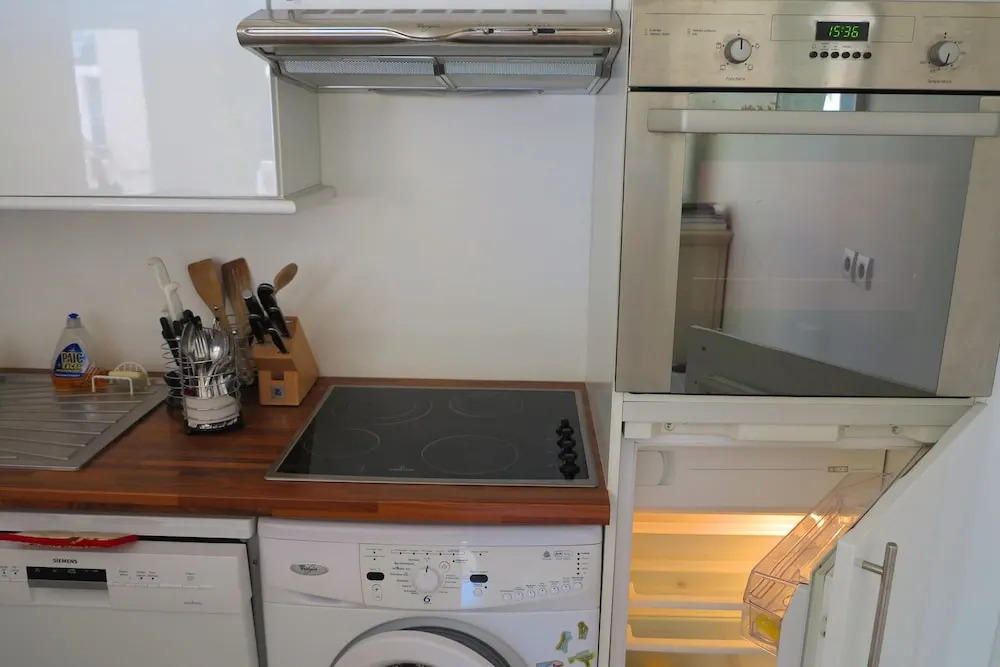 Viva Riviera Nice and Quiet 1 Bedroom with Swimming Pool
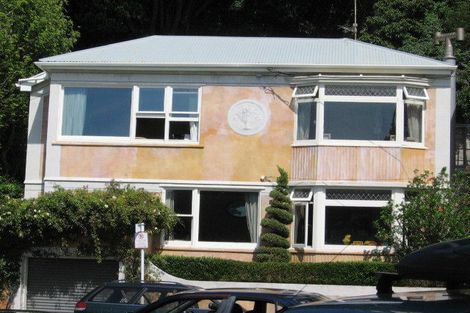 Photo of property in 126 Oriental Parade, Oriental Bay, Wellington, 6011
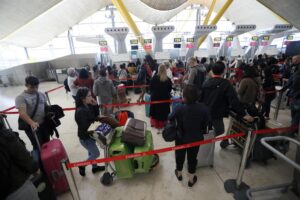 Imagen de archivo de viajeros en el aeropuerto de Madrid. EFE/Alvarado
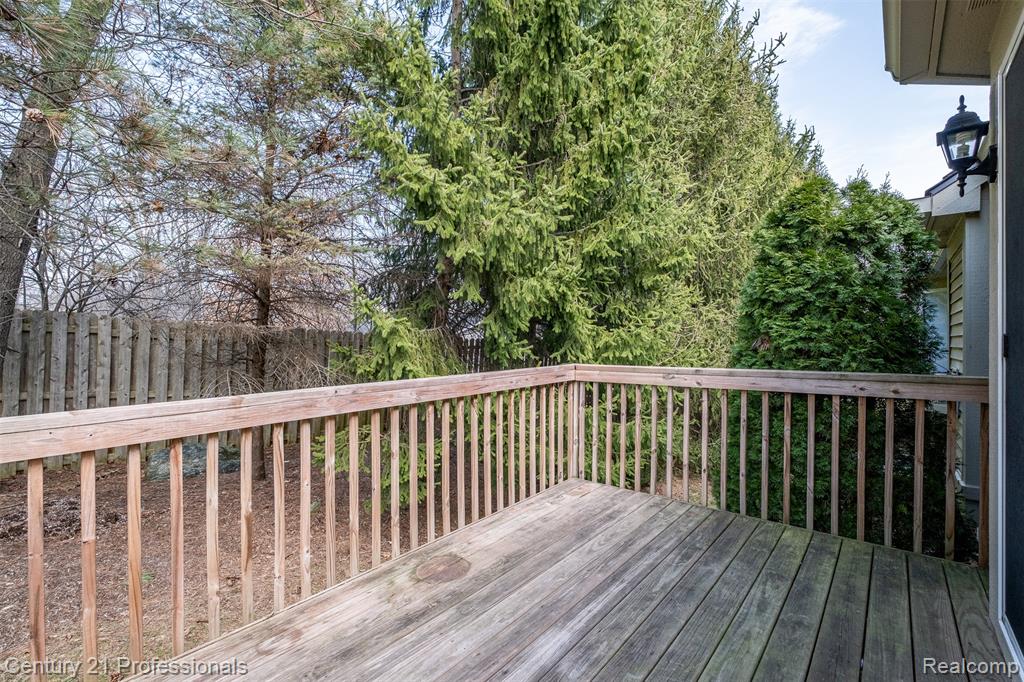 3901 Arbor Drive, Auburn Hills, MI 48326 — Photo 42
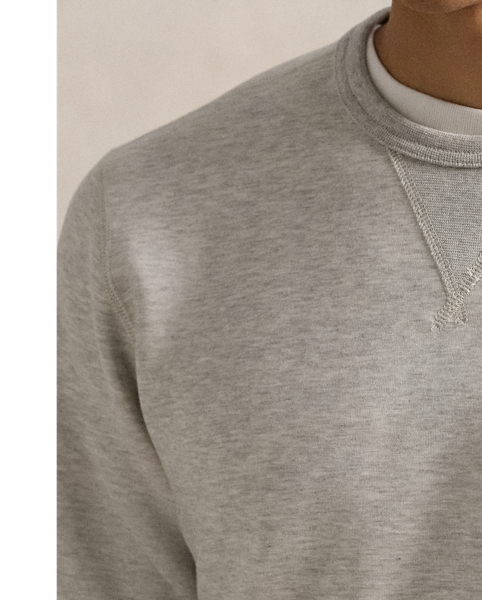 This cotton-blend jumper features a smooth texture and our signature embroidered Pony on the chest.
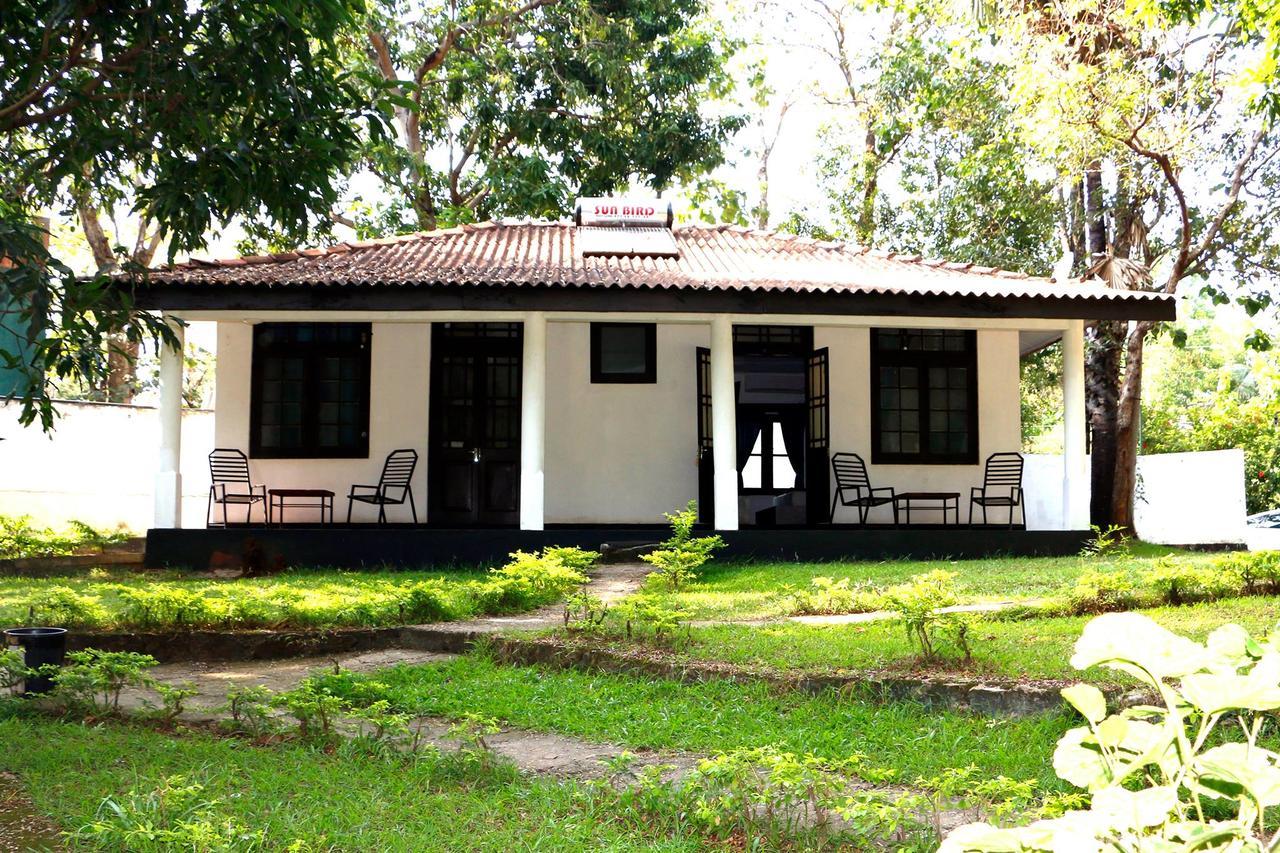 Dambulu Oya Family Park Hotel Dambulla Exterior photo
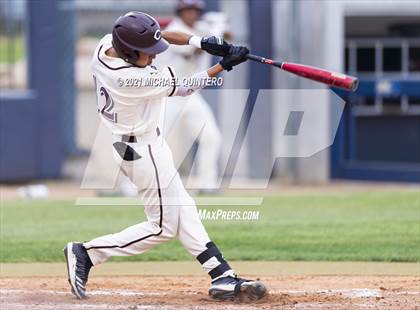 Thumbnail 2 in Calallen vs. Navarro (UIL 4A Regional Semifinal) photogallery.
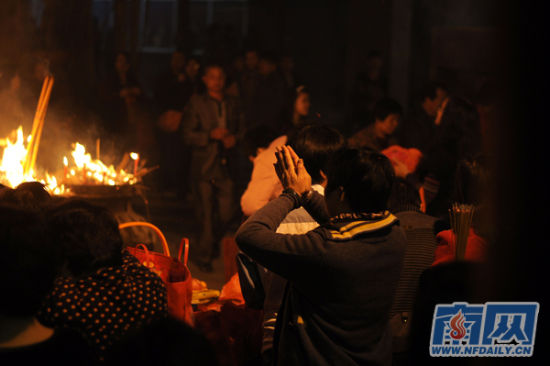 东莞市民争上黄旗山“头炷香”
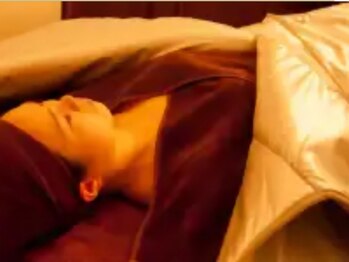 ワカワカ(Waka Waka)/寝ながら遠赤発汗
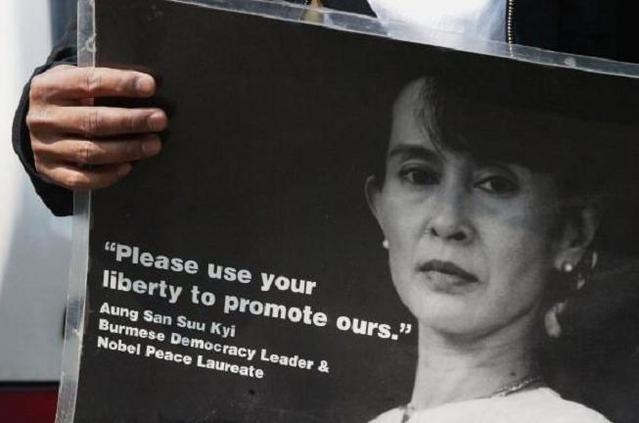 Aung San Suu Kyi. Commossa ringrazia l’Italia, certa che continuerà  a sostenerci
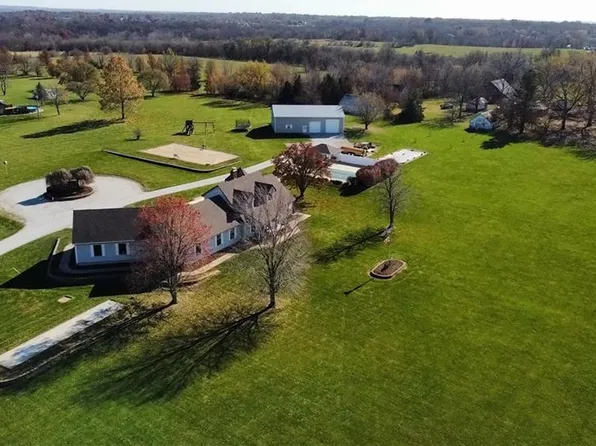 11703 E 239th St, Peculiar, MO 64078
----
**Work order:** Everything from the line containing "Aung San Suu" to the last line of the records above should be reproduced exactly, except the pictures.

**Answer below:**
 Aung San Suu Kyi. Commossa ringrazia l’Italia, certa che continuerà  a sostenerci
 11703 E 239th St, Peculiar, MO 64078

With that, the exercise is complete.